OK, I brought relevant posts over from this thread

Soil subsidence and trees

to here. Lets keep the discussion here otherwise that thread will end up huge losing it's resource value. It's good to refer to it though.

Daz,

From experience with geotechs and engineers here I can say they'll condemn your trees no worries.

They'll apply regs that we dont have.

Some councils face the same problem you do when their street trees cause (allegedly) houses to crack. Now I bumped into something somewhere once but this is how it goes.

The councils criteria was ...

1. Roots must be beneath or adjacent to the building, proven by sample.

2. Soil core with moisture content required and same from side opposite without trees as a test hole (called control), comparison made.

If the moisture content is significantly lower where trees are and roots found >>> BINGO, council could be looking at a claim especially if homeowner requested tree works.

In some places the councils are now installing root barrier along fence lines to prevent these issues.

Also, from the soil core the geotech will give the clay rating. Depending on that rating it will give you the old height and distance rule for the trees. It could be as bad as the closest a tree can be is 1.5x it's ht.

So 10' tree must be 15' away.

Natives are very efficient water scourers, gums, wattles, bottlebrush etc are very efficient water miners.

This is a tough task, and it's going to be fought on engineering codes more than arborists knowledge unfortuneately.

These are the cases that go to court and cost lots of time and money. If the body corporate want to persue for costs of rectifying and underpinning a proportion of that cost can be appropriated to you. In my experience the cost and inconvenience of complying with there requests and moving forward with a new insight could be wise.

To install root barrier to existing trees at that proximity to the trunk might destabilize them or kill them. You did say the trees are within 3m of the flats.

With council trees they're not that close to houses, there's usually 3m wide footpath and then 6m to the house minimum unless there's a relaxation on the property.

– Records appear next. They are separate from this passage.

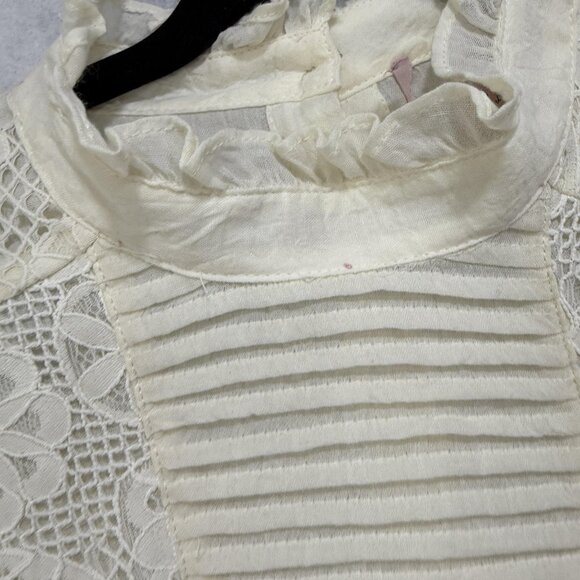 Sundance Once Upon A Dream Blouse Womens Large Ivory Long Sleeve Lace Victorian - Picture 3 of 8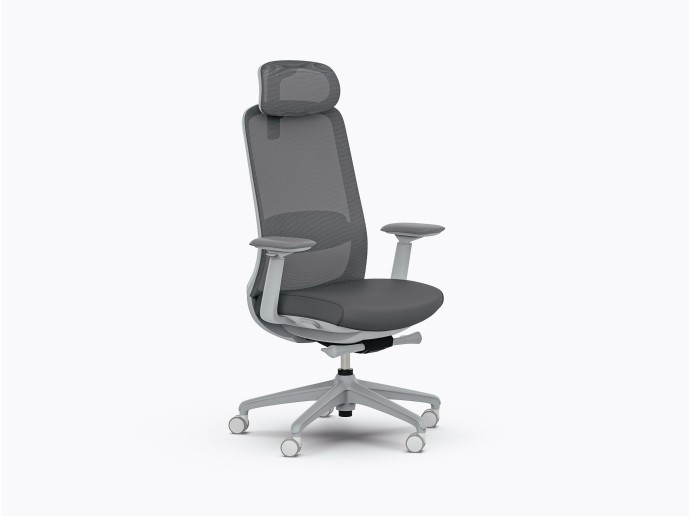 Ares Ergonomic Office Chair with headrest - Grey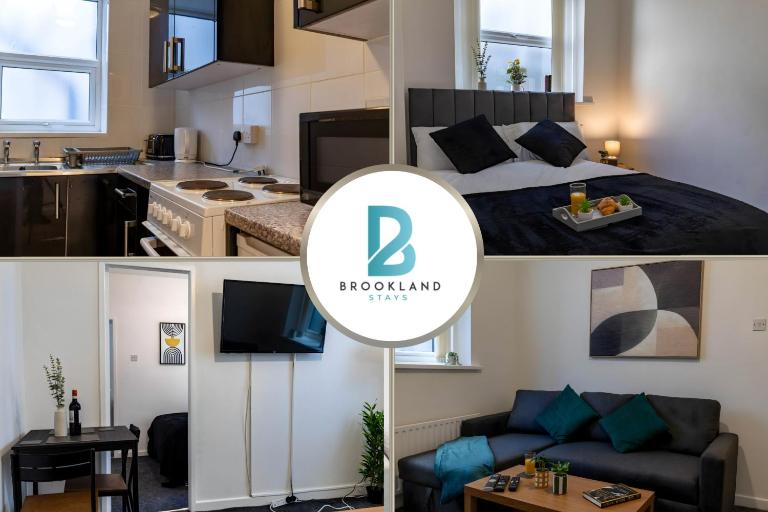 One Bedroom Flat by Brookland Stays Serviced Accommodation Short Lets Blackpool with Free WiFi - Chambres d'hôtes Blackpool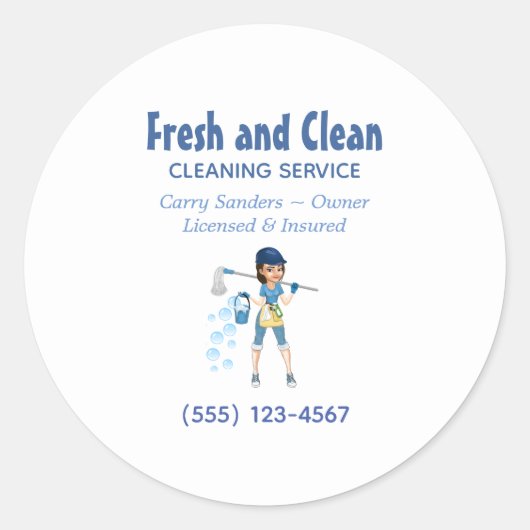 Cute Cartoon Maid House Cleaning Service Klassieke Ronde Sticker (Voorkant)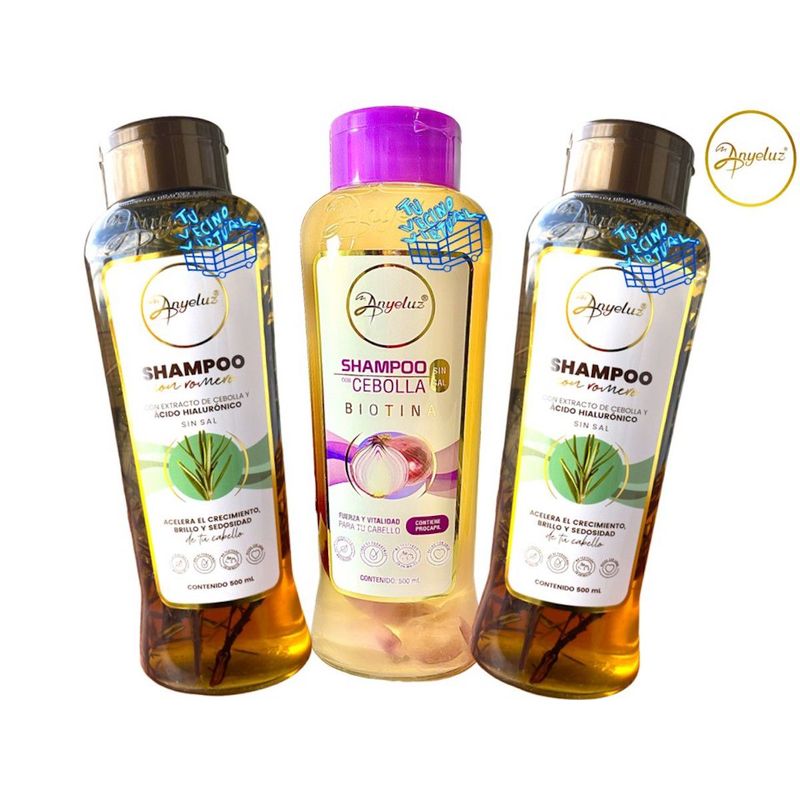 ANYELUZ - Kit 2 shampoo de romero Anyeluz + Shampoo de Cebolla Anyeluz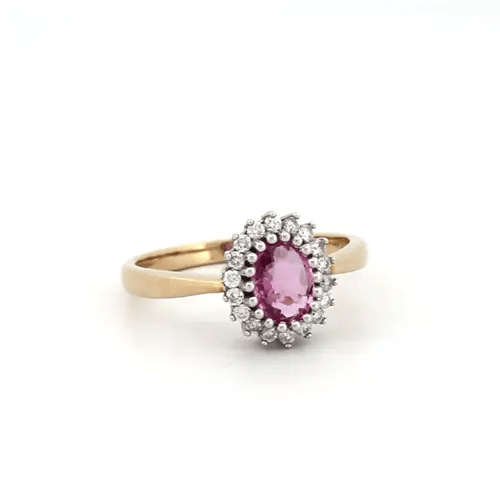 9ct Gold Diamond Pink Sapphire Classic Royal Cluster Ring 11mm - 9R424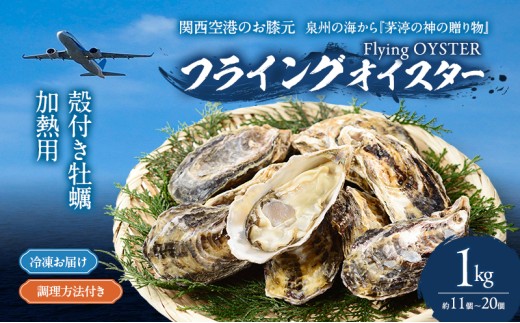 牡蠣 殻付き 1kg (約11個～20個) 加熱用 冷凍牡蠣 フライングオイスター 調理方法付き 貝 海の幸 魚介 魚介類 海鮮 おかず 惣菜 蒸し牡蠣 焼き牡蠣 カキフライ カンカン焼き ガンガン焼き 鍋 BBQ フライ 冷凍 冷凍配送 大阪 大阪府 岸和田市 [№5385-1148]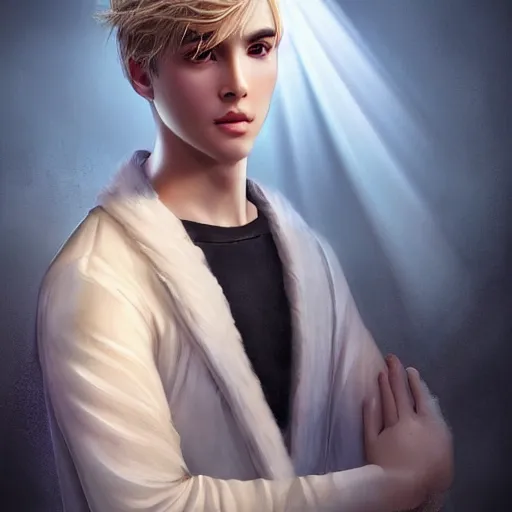 Prompt: a portrait of a young handsome prince with white fringy hair, elegant, beautiful, backlit, incredible lighting, strong rim light, highly detailed, god rays, digital painting, HDRI, by Heise Jinyao, Heise-Lian Yan Fang, Feimo, Richard Taddei, vivid colors, high contrast, 8k resolution, intricate, photorealistic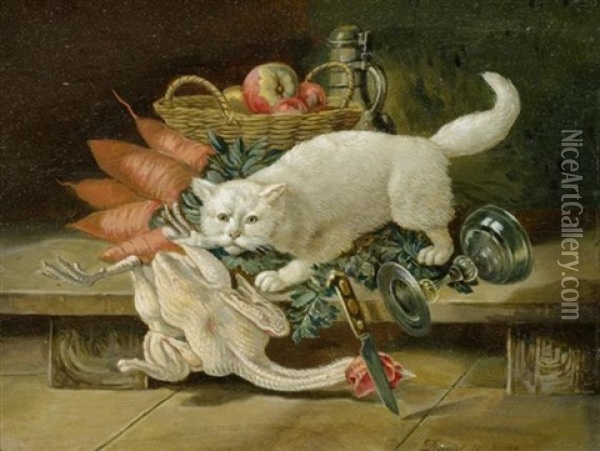 Stilleben Mit Katze Oil Painting - David Emile Joseph de Noter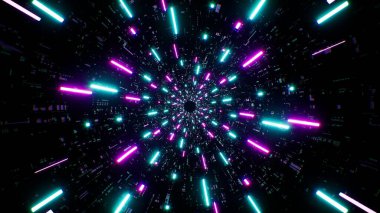Parlayan Neon Işığı Bilim Kurgu Teknolojisi Arkaplanı
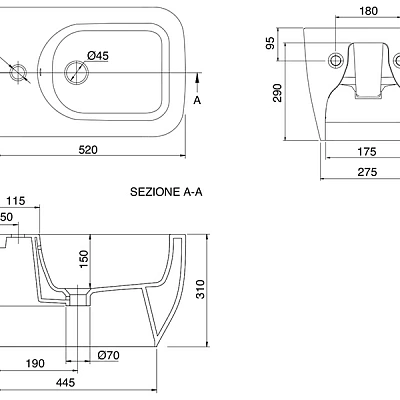 Биде Scarabeo Teorema 2.0, подвесное белое, арт.5127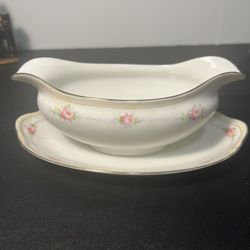 Noritake Antique 1921 To 1925 English Rose Mystery 84 Lorrain Gravy Boat Underplate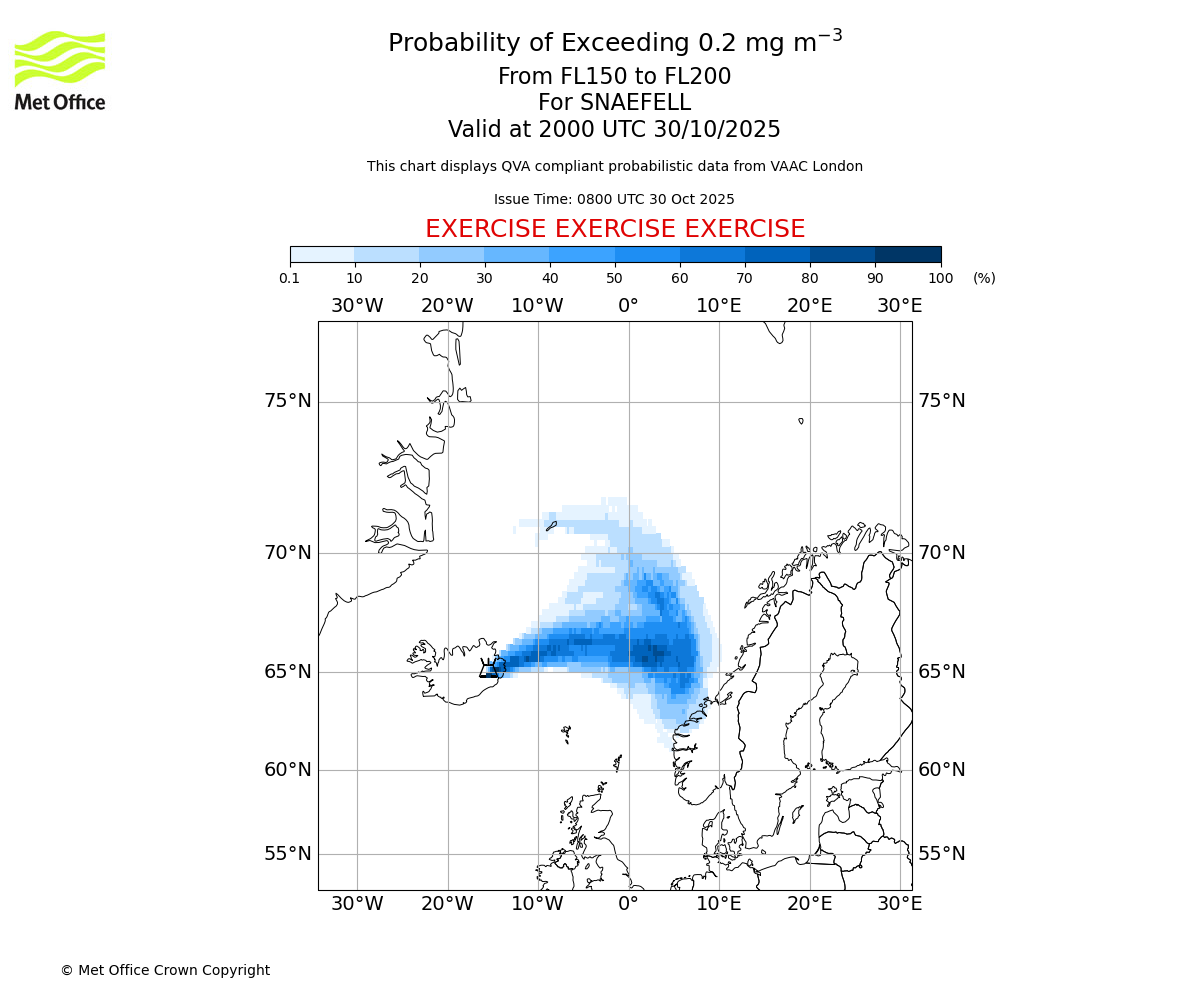 Probability of exceeding 0.2 milligrams per metre cubed. From 150 to 200 for SNAEFELL. Valid at 2000 UTC 30/10/2025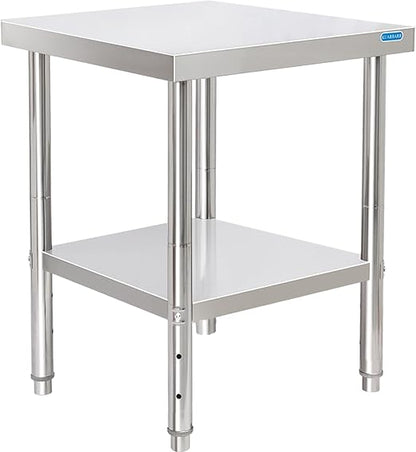 KUARBARR Stainless Steel Table for Prep & Work with Undershelf 24 x 24 Inches NSF Metal Commercial Kitchen Prep Table with Adjustable Under Shelf Worktable for Restaurant Home Outdoor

Subsidence happens when soil moisture is depleted and the clay shrinks. The major cause of this is drought. Did this just happen in the last couple of years or is it a long term thing?

If you decide to replace and replant I would suggest trying to plant a little further away, install root barrier prior to planting, choose a columnar species with a height cap of 3m ... not something that needs hedging or trimming either. Also, the latest rage for the tighter urban yards is special bamboos which dont run. There's varieties that wont grow too tall now a days.

Hope this helps, I've had my share of these and can say from the legal aspect the tree owner will likely lose if up against geotechs and engineers. We have (pardon the pun) nothing concrete as evidence to the contrary for each specific case.

Remember the 2 point rule above if things go bad.